CAPAS should not become universal by accepting arbitrary fields. That would
turn it into a weak form validator. It scales by adding explicit contracts:

```text
new claim family -> evidence contract -> validation rules -> boundary rule
```

For unsupported types, the correct result is HOLD with a contract-registration
obligation. This preserves auditability while giving the system a path to
expand into causality, systematic reviews, multimodal evidence, theorem
claims, biomedical claims, and organization-specific evidence contracts.

## 8. SOTA Positioning

The hard distinction is:

```text
Fact-checking asks: Is this statement true?
Provenance asks: Where did this artifact come from?
Dataset governance asks: What records are in this dataset?
CAPAS asks: Does this evidence packet license this claim boundary for reuse?
```

That last question is narrower than truth and stricter than metadata. It is
also where claim drift enters training data.

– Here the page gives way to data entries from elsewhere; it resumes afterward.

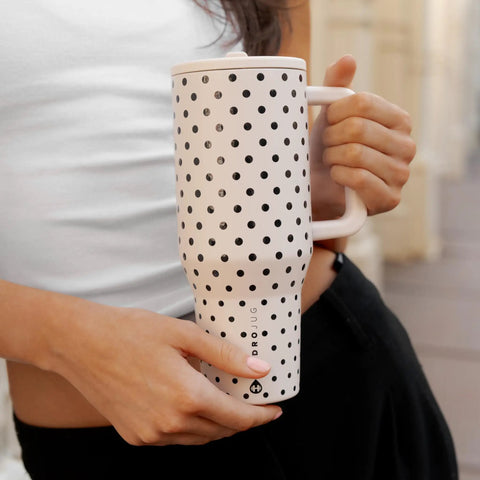 40oz Polka Dot Insulated Tumbler Featuring A Spill Proof Flip Straw And Comfort Grip Handle being held, white with black polka dots.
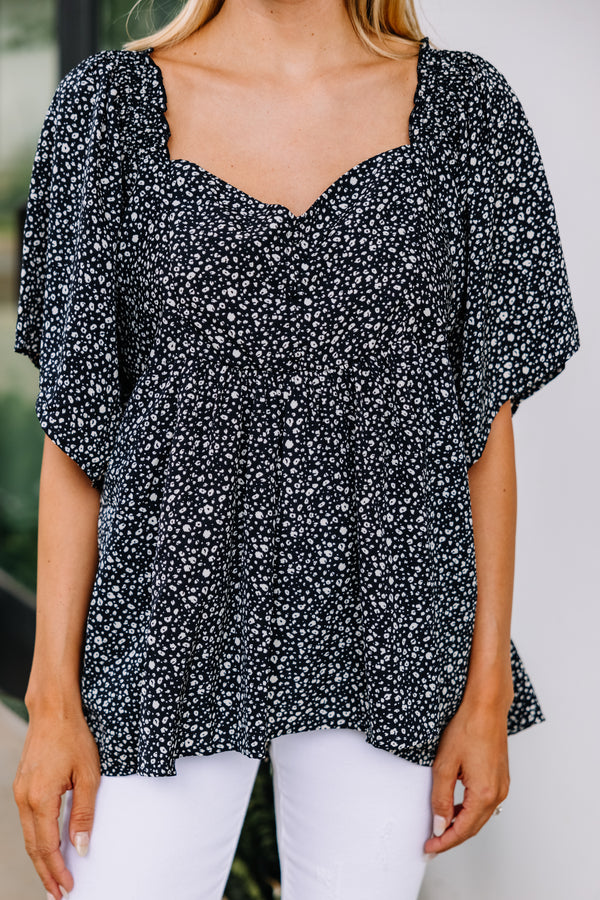 black spotted blouse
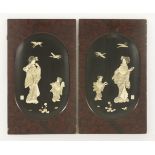 A pair of black-lacquered Panels, c.1880, onlaid with carved bone, mother-of-pearl and ivory bijin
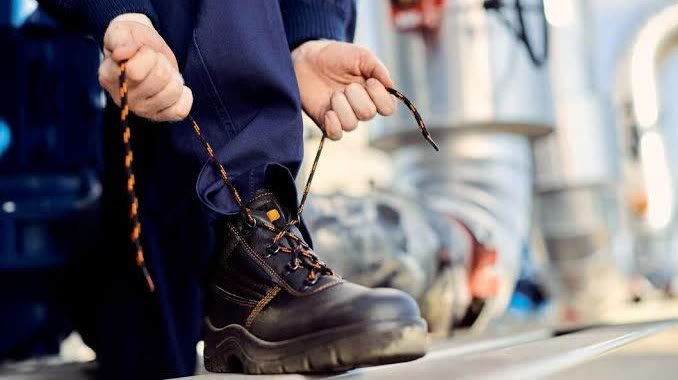 Trabalhador calçando bota de segurança: cuidado podológico para quem usa EPI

Relevant external anchors:

- NIST AI RMF defines governance-oriented risk management for AI systems:
  https://www.nist.gov/itl/ai-risk-management-framework
- EU AI Act Article 10 requires data governance practices for high-risk AI
  training, validation, and testing data:
  https://artificialintelligenceact.eu/article/10/
- W3C PROV defines provenance concepts for entities, activities, and agents:
  https://www.w3.org/TR/prov-overview/
- RO-Crate packages research objects with metadata and contextual entities:
  https://www.researchobject.org/ro-crate/
- Data Provenance Initiative audits dataset lineage, licensing, and
  attribution across large-scale AI datasets:
  https://www.dataprovenance.org/

CAPAS does not replace those layers. It consumes and complements them by
compiling claim-level admissibility certificates.

## 9. Scope Limits

CAPAS is intentionally strict:

- It does not infer hidden evidence.
- It does not certify broad scientific truth.
- It does not replace external expert review.
- It does not make unsupported claim types pass by default.
- It does not make `fine_tune_ready` true from browser-only self-reporting.

These limits are part of the product boundary, not missing features. The
system is useful because it is explicit about what it can and cannot license.